Correspondance de Voltaire/1741/Lettre 1464

Correspondance de Voltaire/1741
Correspondance : année 1741GarnierŒuvres complètes de Voltaire, tome 36 (p. 89-91).
1464. — À M. LE MARQUIS D’ARGENSON.
À Bruxelles, ce 9 août.

Mme du Châtelet, monsieur, vous mande que je suis assez heureux pour soumettre à vos lumières un certain Prophète dont j’avais déjà eu l’honneur de vous réciter quelques scènes. Je voudrais pousser ce bonheur-là jusqu’à vous le présenter moi-même à Paris ; mais nous sommes encore loin d’une félicité si complète.

J’ai de plus à vous prévenir que vous n’en verrez qu’une copie très-informe. Depuis que la personne[1] qui doit vous prêter le manuscrit en est possesseur, j’y ai changé plus de deux cents vers, et, dans ces deux cents vers, il y a beaucoup de choses essentielles. Il n’y a pas moyen de vous envoyer la véritable leçon. Pardonnez-moi donc si vous n’avez qu’une ébauche informe. Je vous fais ma cour comme je peux, et certainement je voudrais mieux faire. Je voudrais pouvoir me vanter à moi-même de vous avoir amusé une heure ou deux, dussent ces deux heures m’avoir coûté deux ans de travail. Si vous aviez été jusqu’à Lille, je n’aurais pas manqué d’y retourner. Je vous aurais couru, comme les autres courent les princes. On dit que vous avez un fils[2] digne d’un autre siècle, mais non d’un autre père. Il fait de jolis vers.

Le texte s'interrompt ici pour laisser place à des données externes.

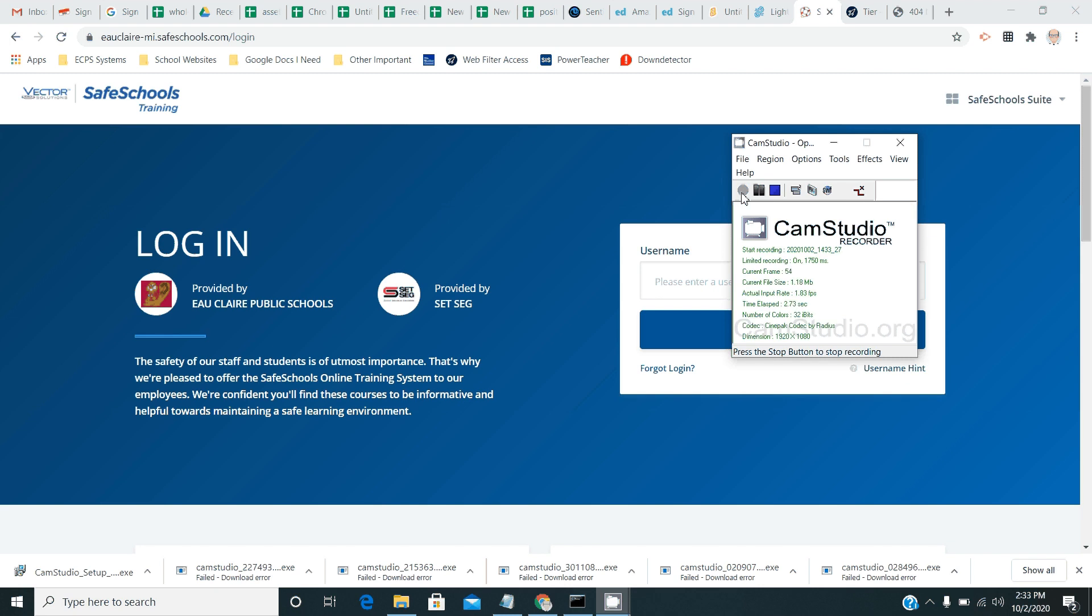Hello everybody. This is Mr. Brackett with an instructional video on how to install Microsoft Office on your new staff computer.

Macte animo, generose puer[3] ! · · · · · · · · · · · · · · ·

Je croyais qu’on ne faisait plus de vers français qu’en Prusse et en Silésie. Je reçoies toujours quelques vers de Breslau et de Berlin voilà tout le commerce que j’ai avec le Parnasse.

Toute votre nation, à ce qu’on dit, veut passer le Rhin et la Meuse, sans trop savoir ce qu’ils y vont faire mais ils partent, ils font des équipages, ils vont à la guerre, et cela leur suffit. Ils chantent et dansent la première campagne la seconde, ils bâillent, et la troisième, ils enragent. Il n’y a pas apparence qu’ils fassent la troisième. Les choses semblent tournées de façon qu’on pourra faire bientôt frapper une nouvelle médaille de regna assignata. Il semble que la France, depuis Charlemagne, n’a jamais été dans une si belle situation mais de quoi tout cela servira-t-il aux particuliers ? Ils payeront le dixième de leurs biens, et n’auront rien à gagner.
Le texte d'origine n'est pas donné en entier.